Au printemps 2006: l’hebdomadaire “Der Spiegel” annonce un plan de restructuration pour Forest, voire même sa fermeture. Pas de calicots, ni de tracts, ni de réunions d’informations. Au contraire, les délégations syndicales reconfirment leur confiance dans la direction. Du temps précieux pour construire un rapport de forces est perdu.

Au conseil d’entreprise du 21 novembre, un débrayage spontanné a déjà lieu. La direction annonce la perte de 4.000 emplois. Suit une assemblée du personnel avec une participation massive, y compris des travailleurs des usines de sous-traitance. Les discours se font à partir du deuxième étage du parking sans possibilité de poser des questions ou de faire des remarques. Il n’y a pas de tract reprenant les points principaux du conseil d’entreprise, ni de mot d’ordre. L’option des primes de départ est tout de suite évoquée, pas un mot sur un plan d’action. Chaque orateur conclut avec une déclaration de solidarité avec les travailleurs en sous-traitance, mais leurs délégués et militants ne sont jamais invités aux réunions de militants à VW et ils se retrouvent, comme beaucoup d’autres, dépendants de la presse.

Mis sous pression, les syndicats organisent une manifestation de solidarité le 2 décembre. Des bus sont alors organisés pour tracter les autres usines d’assemblage. Mais un vrai plan d’action en vue de transformer la large solidarité avec les travailleurs de VW en mobilisation concrète n’est pas construit. C’est au MAS, au PTB et au Comité de soutien de VW de distribuer des affiches de solidarité, là où les syndicats disposent d’un réseau énorme de délégués, de militants et de membres qui peuvent, sur un mot de leurs directions, distribuer partout dans le pays de telles affichettes. Une grève de solidarité dans toutes les grandes entreprises, même durant une seule heure, n’est à aucun moment prise en considération. Néanmoins, 25.000 personnes participent à la manif, mais elles sont renvoyées chez elles sans mot d’ordre.

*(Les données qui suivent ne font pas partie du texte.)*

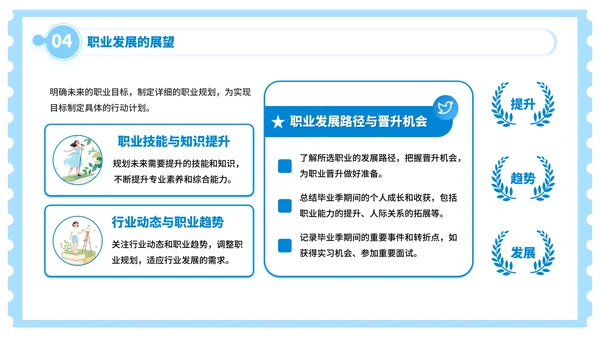 蓝色插画风毕业季：青春的印记，未来的憧憬PPT模板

Les délégations syndicales rendent bien visite aux patrons et aux politiciens, mais les travailleurs, chez eux ou au piquet, en sont réduits à deviner ce qui se passe. Verhofstadt réussit à se profiler comme le sauveur de VW après avoir obtenu de vagues concessions de la direction sur le maintient de 3.000 postes et la possibilité de produire, à partir de 2009, des Audi A1 à Forest.

Victoire à la Pyrrhus

Ce n’est donc pas étonnant que beaucoup de travailleurs ont choisi de mettre de l’eau dans leur vin en acceptant les primes de départ. Après deux ans d’impôts, il n’en restera plus qu’un tiers, ce dont beaucoup ne s’étaient pas encore rendu compte. Les délégations ont laissé s’inscrire des travailleurs avant même d’avoir trouvé des solutions pour toutes les catégories, y compris les pré-pensionnables et ceux qui continueront à travailler à VW. De cette façon, ils ont de nouveau abondonné la construction d’un rapport de forces.

Finalement, les délégations ont, sans garanties pour le futur, fait voter la fin de la grève par un référendum mal organisé, et même selon certains manipulé. Le résultat : 56% contre 44% pour l’arrêt de la grève. Cette “victoire d’en haut” la direction la paiera cher. Une paix sociale ne s’impose ni par la menace, ni par l’usure, mais par un accord porté par la base.